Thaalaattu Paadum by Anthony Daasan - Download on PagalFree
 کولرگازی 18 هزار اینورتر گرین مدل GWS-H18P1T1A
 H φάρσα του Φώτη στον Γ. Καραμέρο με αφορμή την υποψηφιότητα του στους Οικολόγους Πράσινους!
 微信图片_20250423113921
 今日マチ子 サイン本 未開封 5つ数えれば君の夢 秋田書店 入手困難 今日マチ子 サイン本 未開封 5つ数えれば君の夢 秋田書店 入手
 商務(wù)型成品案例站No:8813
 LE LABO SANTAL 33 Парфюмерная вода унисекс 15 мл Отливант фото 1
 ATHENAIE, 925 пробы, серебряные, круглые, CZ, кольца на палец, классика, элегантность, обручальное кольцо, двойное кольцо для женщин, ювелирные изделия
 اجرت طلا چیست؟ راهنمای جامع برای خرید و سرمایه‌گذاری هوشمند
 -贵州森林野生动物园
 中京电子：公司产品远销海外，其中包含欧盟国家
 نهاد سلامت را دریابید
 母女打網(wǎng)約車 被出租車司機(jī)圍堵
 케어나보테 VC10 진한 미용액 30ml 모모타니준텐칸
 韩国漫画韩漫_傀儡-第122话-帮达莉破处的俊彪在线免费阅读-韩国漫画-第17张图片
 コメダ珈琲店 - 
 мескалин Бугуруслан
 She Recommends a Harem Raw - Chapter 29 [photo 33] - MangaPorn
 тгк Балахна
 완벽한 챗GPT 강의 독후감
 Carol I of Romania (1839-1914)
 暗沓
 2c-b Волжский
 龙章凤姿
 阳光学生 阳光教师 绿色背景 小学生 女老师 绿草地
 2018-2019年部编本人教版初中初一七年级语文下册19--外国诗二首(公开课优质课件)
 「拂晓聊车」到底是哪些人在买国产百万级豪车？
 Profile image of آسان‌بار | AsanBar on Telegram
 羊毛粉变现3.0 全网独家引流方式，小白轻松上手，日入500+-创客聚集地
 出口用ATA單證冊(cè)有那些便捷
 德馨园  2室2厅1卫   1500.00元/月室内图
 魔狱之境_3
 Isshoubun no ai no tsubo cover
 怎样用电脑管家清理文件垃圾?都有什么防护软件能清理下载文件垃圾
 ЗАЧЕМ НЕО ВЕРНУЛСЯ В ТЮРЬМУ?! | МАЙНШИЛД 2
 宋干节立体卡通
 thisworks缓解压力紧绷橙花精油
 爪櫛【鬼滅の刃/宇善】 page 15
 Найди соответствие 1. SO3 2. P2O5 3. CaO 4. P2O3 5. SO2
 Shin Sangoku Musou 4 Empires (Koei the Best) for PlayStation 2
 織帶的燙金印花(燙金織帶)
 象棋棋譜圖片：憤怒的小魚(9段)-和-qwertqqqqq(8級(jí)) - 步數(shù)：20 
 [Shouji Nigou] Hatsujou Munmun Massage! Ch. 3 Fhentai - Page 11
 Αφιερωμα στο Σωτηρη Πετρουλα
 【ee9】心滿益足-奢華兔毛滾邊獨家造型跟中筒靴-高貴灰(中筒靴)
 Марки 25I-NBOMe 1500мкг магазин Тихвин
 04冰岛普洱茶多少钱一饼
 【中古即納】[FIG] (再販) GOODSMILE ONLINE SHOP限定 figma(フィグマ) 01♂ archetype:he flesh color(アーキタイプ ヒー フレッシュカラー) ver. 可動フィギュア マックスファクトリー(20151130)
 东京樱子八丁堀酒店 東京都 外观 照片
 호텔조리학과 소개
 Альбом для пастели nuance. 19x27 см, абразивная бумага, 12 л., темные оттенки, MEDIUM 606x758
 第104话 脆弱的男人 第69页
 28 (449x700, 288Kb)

● ● ●

§ **Action item**
Starting at the line above that contains "케어나보테 VC10 진한 미용액 30ml 모모타니준텐칸", write out each line exactly until the line that contains "象棋棋譜圖片：憤怒的小魚(9段)-和-qwertqqqqq(8級(jí)) - 步數(shù)：20" has been written, and stop there.

§ **Answer space**
 케어나보테 VC10 진한 미용액 30ml 모모타니준텐칸
 韩国漫画韩漫_傀儡-第122话-帮达莉破处的俊彪在线免费阅读-韩国漫画-第17张图片
 コメダ珈琲店 - 
 мескалин Бугуруслан
 She Recommends a Harem Raw - Chapter 29 [photo 33] - MangaPorn
 тгк Балахна
 완벽한 챗GPT 강의 독후감
 Carol I of Romania (1839-1914)
 暗沓
 2c-b Волжский
 龙章凤姿
 阳光学生 阳光教师 绿色背景 小学生 女老师 绿草地
 2018-2019年部编本人教版初中初一七年级语文下册19--外国诗二首(公开课优质课件)
 「拂晓聊车」到底是哪些人在买国产百万级豪车？
 Profile image of آسان‌بار | AsanBar on Telegram
 羊毛粉变现3.0 全网独家引流方式，小白轻松上手，日入500+-创客聚集地
 出口用ATA單證冊(cè)有那些便捷
 德馨园  2室2厅1卫   1500.00元/月室内图
 魔狱之境_3
 Isshoubun no ai no tsubo cover
 怎样用电脑管家清理文件垃圾?都有什么防护软件能清理下载文件垃圾
 ЗАЧЕМ НЕО ВЕРНУЛСЯ В ТЮРЬМУ?! | МАЙНШИЛД 2
 宋干节立体卡通
 thisworks缓解压力紧绷橙花精油
 爪櫛【鬼滅の刃/宇善】 page 15
 Найди соответствие 1. SO3 2. P2O5 3. CaO 4. P2O3 5. SO2
 Shin Sangoku Musou 4 Empires (Koei the Best) for PlayStation 2
 織帶的燙金印花(燙金織帶)
 象棋棋譜圖片：憤怒的小魚(9段)-和-qwertqqqqq(8級(jí)) - 步數(shù)：20 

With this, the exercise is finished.